Python Threat Hunting Tools: Part 5 — Command Line Arguments

Python Threat Hunting Tools: Part 5 — Command Line Arguments

Welcome back to this series on building threat hunting tools!

In this series, I will be showcasing a variety of threat hunting tools that you can use to hunt for threats, automate tedious processes, and extend to create your own toolkit! The majority of these tools will be simple with a focus on being easy to understand and implement. This is so that you, the reader, can learn from these tools and begin to develop your own. 

There will be no cookie-cutter tutorial on programming fundamentals like data type, control structures, etc. Instead, this series will focus on the practical implementation of scripting/programming through small projects.

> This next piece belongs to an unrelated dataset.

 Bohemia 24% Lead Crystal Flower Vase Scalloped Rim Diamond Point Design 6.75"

It is encouraged that you play with these scripts, figure out ways to break or extend them, and try to improve on their basic design to fit your needs. I find this the best way to learn any new programming language/concept and, certainly, the best way to derive value!

In this installment we will look at how we can give our threat hunting tools command line arguments that modify their behavior when they are executed.

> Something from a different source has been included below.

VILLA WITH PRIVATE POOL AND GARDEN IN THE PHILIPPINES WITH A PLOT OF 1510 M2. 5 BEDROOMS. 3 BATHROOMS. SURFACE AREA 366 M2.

What are Command Line Arguments?

Command line arguments are parameters or options that are passed to a program or script when it is executed via the command line. They let the user of the script modify behavior or configure its settings, typically by providing inputs (e.g. files, strings, the output of another command) or flags (e.g. -h for help). If an input is provided via command line arguments then it is parsed by the script into a usable format and then used somewhere within the script.

Command line arguments are often used to automate repetitive tasks, configure programs, or to pass inputs that are too complex to be entered via a GUI. They are also used to build more complex scripts and programs that can be executed with a variety of options and inputs, making them more versatile and powerful.

What are Command Line Arguments

The following code executes myscript.py with the -v and file.txt arguments. The -v argument is typically referred to as a “flag” and it’s best thought of as changing the script’s settings, in this case providing verbose output. Whereas, the file.txt argument is an input argument on which the script will perform some actions on.

Bash
python myscript.py file1.txt -v

The most popular Python module for parsing command line arguments is argparse. This module allows you to create an ArgumentParser object to which you add arguments using the .add_argument() method. 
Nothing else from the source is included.